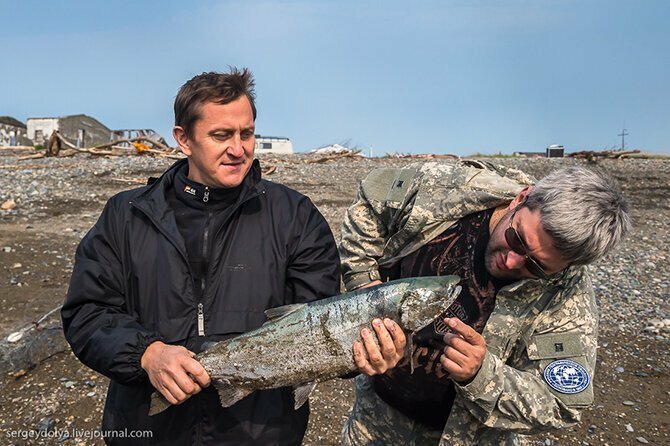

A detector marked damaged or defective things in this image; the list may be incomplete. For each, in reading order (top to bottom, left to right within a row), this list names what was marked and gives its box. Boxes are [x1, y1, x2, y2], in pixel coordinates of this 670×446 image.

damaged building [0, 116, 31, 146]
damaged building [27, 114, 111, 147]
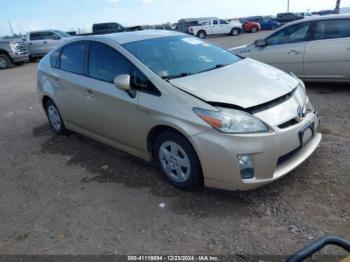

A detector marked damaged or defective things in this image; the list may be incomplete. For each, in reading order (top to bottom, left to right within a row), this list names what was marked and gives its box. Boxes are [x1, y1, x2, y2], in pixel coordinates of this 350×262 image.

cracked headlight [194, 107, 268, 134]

= = = = =

:: YOUR ASSIGNMENT ::
For the span from the line containing "this 350×262 image." through the last line of the entries above, transcribe each line exactly and leave out everything else.

:: EXERCISE OUTPUT ::
A detector marked damaged or defective things in this image; the list may be incomplete. For each, in reading order (top to bottom, left to right within a row), this list names what was marked and gives its box. Boxes are [x1, y1, x2, y2], in pixel coordinates of this 350×262 image.

cracked headlight [194, 107, 268, 134]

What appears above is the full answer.